Please do not call our kamikaze attacks "suicide attacks." This is a misnomer, and we feel very badly about this. They were in no sense suicide. The pilot did not start out on his mission with the intention of committing suicide. He looked on himself as a human bomb, which would destroy a certain part of the enemy fleet for his country. He considered this a glorious thing, while suicide may not be so glorious. [2]

This documentary covers the war in the Pacific from 1941 to 1945, but few specific dates or years are mentioned during the narrative. The film clips are generally in chronological order, but sometimes segments go back and forth in time. The narrator often adopts a high, lilting voice when quoting Japanese persons, apparently done to sarcastically show the foolishness of the statements. At times this 1950 documentary starts to sound like a wartime propaganda film, rather than a serious historical examination of the battle footage showed by Japanese leaders to the public.
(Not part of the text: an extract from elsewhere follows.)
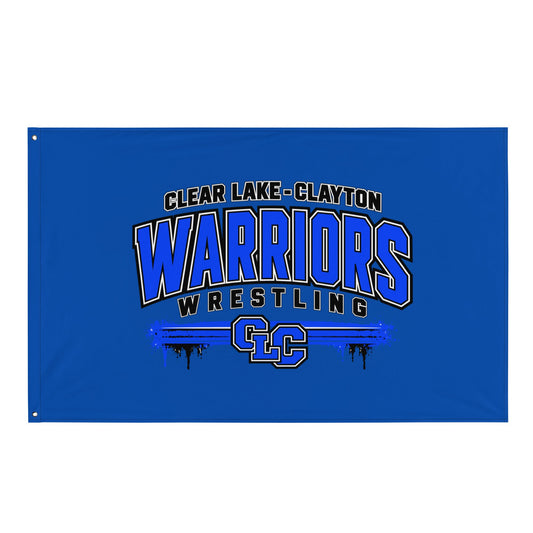 Flag | Clear Lake - Clayton Wrestling | Warrior Crest Logo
Even though the narrator gives very few specific historical facts, several related to kamikaze attacks are incorrect or misleading. Lieutenant General Kawabe is presented as the "director of kamikaze operations in the final Philippines and Okinawa campaigns" [3], but actually the Navy led the operations, and Kawabe only had a part in leading Army kamikaze attacks, many times under orders from the Navy. The film's footage shows Navy kamikaze pilots in the Philippines before departure, but viewers are given the impression that Kawabe directed this attack, even though he had no involvement. The documentary shows a four-minute segment on the Giretsu airborne suicide operation from mainland Japan to Okinawa, but the narrator does not clearly explain how this operation differed from normal kamikaze plane attacks on Allied ships. The Giretsu unit had nine planes that tried to fly into American airfields on Okinawa in order for soldiers to destroy as many planes as possible before dying in battle. During this suicidal attack on the night of May 24-25, 1945, one plane succeeded in landing, and ten Army soldiers came out of the plane to destroy 9 planes and damage 26 before U.S. Marines killed them (O'Neill 1999, 234-5).
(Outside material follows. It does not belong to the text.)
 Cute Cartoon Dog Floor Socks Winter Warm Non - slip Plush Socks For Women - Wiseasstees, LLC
A critical review written when this documentary was produced says, "the events depicted, unless you were a part of them, will have only a passing historical interest. . . . one wonders if it was worth the effort" (quoted in Basinger 1986, 298). Suicide Attack contains some outstanding Japanese wartime newsreels, including several extended ones, but the rest of this documentary is definitely not worth the effort.

Notes

1. At 21:15 in video.

2. From 52:00 to 52:25 in video.

3. At 51:05 in video.

Sources Cited

Basinger, Jeanine. 1986. The World War II Combat Film: Anatomy of a Genre. New York: Columbia University Press.